(WHAT IS REQUIRED): An exact transcription of the lines below, from the first through the one containing "20pcs/bag Popular Toys", is the only output wanted.

**** RECORDS FOR THE TASK

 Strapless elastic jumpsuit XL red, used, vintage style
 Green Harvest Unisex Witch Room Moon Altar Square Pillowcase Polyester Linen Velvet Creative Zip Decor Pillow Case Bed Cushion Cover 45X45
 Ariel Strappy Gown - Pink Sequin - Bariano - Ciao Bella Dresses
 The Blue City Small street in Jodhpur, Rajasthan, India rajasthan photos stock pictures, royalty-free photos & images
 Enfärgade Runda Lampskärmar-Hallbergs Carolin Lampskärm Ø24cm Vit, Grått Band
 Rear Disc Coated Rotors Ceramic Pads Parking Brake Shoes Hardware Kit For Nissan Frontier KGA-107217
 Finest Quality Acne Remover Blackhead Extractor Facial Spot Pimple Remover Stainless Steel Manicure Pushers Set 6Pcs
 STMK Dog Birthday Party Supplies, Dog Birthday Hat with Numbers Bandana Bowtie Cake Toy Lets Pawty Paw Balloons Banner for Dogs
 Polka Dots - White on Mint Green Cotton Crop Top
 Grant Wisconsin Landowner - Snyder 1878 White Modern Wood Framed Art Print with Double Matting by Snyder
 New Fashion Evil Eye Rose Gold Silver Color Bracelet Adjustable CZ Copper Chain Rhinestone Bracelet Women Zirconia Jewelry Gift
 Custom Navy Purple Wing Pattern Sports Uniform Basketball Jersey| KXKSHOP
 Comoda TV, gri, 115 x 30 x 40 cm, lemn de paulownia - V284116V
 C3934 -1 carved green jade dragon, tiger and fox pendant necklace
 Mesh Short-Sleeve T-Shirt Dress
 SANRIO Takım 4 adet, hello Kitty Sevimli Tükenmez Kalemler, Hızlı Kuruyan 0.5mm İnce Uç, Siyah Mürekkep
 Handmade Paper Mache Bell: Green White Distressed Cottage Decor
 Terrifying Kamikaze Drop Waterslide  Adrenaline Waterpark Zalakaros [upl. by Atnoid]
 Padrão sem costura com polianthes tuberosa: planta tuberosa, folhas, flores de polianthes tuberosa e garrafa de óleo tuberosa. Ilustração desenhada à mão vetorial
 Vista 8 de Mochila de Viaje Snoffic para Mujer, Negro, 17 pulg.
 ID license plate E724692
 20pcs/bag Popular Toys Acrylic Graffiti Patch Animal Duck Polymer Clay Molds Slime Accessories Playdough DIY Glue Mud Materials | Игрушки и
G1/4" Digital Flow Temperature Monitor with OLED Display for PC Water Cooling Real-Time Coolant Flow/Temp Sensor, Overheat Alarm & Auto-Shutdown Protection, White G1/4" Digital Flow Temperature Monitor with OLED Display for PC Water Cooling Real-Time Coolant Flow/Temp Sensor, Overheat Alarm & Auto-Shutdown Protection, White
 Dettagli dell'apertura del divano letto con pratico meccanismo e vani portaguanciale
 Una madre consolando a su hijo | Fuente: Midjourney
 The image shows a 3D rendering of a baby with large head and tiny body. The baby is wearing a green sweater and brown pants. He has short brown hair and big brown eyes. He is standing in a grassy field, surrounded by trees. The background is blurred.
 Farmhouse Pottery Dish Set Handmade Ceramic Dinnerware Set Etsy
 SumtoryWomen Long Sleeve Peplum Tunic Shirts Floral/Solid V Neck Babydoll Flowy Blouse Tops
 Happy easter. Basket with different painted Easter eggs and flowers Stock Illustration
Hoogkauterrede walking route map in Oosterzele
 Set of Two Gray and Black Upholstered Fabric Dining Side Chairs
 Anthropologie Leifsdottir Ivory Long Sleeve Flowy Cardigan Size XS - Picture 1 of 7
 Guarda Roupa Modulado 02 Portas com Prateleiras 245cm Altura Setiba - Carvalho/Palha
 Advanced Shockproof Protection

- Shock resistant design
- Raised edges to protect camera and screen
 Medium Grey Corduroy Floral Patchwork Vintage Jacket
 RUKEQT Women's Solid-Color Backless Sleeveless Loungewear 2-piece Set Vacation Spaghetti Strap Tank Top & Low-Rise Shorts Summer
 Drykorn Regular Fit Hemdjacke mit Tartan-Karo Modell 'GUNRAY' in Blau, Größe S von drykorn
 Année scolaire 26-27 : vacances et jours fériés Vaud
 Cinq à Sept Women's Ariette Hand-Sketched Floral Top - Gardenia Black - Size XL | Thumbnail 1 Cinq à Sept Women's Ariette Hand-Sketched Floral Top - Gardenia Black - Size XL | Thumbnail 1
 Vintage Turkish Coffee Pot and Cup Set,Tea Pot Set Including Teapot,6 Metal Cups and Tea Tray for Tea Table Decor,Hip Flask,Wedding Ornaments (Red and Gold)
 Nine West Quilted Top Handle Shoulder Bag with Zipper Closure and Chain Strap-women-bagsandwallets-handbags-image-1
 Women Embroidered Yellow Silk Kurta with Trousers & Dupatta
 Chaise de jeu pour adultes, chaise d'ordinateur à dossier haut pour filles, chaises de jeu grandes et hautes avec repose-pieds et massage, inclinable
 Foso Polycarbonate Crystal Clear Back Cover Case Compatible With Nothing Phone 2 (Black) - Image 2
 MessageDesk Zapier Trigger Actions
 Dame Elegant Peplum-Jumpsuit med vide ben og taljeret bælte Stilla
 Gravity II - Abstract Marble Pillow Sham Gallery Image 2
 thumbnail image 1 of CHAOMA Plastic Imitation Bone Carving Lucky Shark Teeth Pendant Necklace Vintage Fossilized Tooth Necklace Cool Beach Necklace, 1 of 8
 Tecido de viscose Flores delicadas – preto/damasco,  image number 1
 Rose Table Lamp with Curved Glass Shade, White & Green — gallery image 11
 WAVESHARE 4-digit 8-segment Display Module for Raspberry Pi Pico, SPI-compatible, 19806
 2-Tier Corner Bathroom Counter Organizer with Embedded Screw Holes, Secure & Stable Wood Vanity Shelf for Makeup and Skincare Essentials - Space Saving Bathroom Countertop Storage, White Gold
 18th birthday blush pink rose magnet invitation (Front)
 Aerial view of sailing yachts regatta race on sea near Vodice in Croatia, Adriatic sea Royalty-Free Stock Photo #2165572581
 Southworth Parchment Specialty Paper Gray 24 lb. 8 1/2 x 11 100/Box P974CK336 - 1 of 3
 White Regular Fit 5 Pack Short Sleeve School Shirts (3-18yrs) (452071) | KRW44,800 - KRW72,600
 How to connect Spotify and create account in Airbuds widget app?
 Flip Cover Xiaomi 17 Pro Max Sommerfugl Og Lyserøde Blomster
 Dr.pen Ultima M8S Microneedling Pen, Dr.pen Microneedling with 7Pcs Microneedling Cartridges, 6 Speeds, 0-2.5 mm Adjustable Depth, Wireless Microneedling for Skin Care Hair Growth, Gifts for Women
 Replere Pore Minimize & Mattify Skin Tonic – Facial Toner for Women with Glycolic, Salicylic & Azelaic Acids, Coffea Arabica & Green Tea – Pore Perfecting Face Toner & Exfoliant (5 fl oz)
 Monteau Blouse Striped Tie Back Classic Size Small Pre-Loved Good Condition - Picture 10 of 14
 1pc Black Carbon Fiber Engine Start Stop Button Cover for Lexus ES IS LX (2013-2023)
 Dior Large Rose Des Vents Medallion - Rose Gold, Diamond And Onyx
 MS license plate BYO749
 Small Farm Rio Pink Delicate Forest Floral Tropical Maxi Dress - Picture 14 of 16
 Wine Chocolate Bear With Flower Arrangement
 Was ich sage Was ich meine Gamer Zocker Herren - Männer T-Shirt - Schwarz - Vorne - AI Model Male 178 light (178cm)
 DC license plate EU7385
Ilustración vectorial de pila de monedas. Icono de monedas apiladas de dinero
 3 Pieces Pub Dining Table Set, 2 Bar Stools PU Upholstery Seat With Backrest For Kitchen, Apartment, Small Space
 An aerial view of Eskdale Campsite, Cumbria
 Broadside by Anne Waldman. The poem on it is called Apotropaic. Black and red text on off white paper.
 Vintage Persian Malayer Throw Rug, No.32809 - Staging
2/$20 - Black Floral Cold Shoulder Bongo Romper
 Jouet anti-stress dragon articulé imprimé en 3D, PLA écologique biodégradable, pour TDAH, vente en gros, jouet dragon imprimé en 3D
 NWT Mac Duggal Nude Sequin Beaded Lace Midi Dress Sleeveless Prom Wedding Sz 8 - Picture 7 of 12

********

(THE COMPLETED TASK):
 Strapless elastic jumpsuit XL red, used, vintage style
 Green Harvest Unisex Witch Room Moon Altar Square Pillowcase Polyester Linen Velvet Creative Zip Decor Pillow Case Bed Cushion Cover 45X45
 Ariel Strappy Gown - Pink Sequin - Bariano - Ciao Bella Dresses
 The Blue City Small street in Jodhpur, Rajasthan, India rajasthan photos stock pictures, royalty-free photos & images
 Enfärgade Runda Lampskärmar-Hallbergs Carolin Lampskärm Ø24cm Vit, Grått Band
 Rear Disc Coated Rotors Ceramic Pads Parking Brake Shoes Hardware Kit For Nissan Frontier KGA-107217
 Finest Quality Acne Remover Blackhead Extractor Facial Spot Pimple Remover Stainless Steel Manicure Pushers Set 6Pcs
 STMK Dog Birthday Party Supplies, Dog Birthday Hat with Numbers Bandana Bowtie Cake Toy Lets Pawty Paw Balloons Banner for Dogs
 Polka Dots - White on Mint Green Cotton Crop Top
 Grant Wisconsin Landowner - Snyder 1878 White Modern Wood Framed Art Print with Double Matting by Snyder
 New Fashion Evil Eye Rose Gold Silver Color Bracelet Adjustable CZ Copper Chain Rhinestone Bracelet Women Zirconia Jewelry Gift
 Custom Navy Purple Wing Pattern Sports Uniform Basketball Jersey| KXKSHOP
 Comoda TV, gri, 115 x 30 x 40 cm, lemn de paulownia - V284116V
 C3934 -1 carved green jade dragon, tiger and fox pendant necklace
 Mesh Short-Sleeve T-Shirt Dress
 SANRIO Takım 4 adet, hello Kitty Sevimli Tükenmez Kalemler, Hızlı Kuruyan 0.5mm İnce Uç, Siyah Mürekkep
 Handmade Paper Mache Bell: Green White Distressed Cottage Decor
 Terrifying Kamikaze Drop Waterslide  Adrenaline Waterpark Zalakaros [upl. by Atnoid]
 Padrão sem costura com polianthes tuberosa: planta tuberosa, folhas, flores de polianthes tuberosa e garrafa de óleo tuberosa. Ilustração desenhada à mão vetorial
 Vista 8 de Mochila de Viaje Snoffic para Mujer, Negro, 17 pulg.
 ID license plate E724692
 20pcs/bag Popular Toys Acrylic Graffiti Patch Animal Duck Polymer Clay Molds Slime Accessories Playdough DIY Glue Mud Materials | Игрушки и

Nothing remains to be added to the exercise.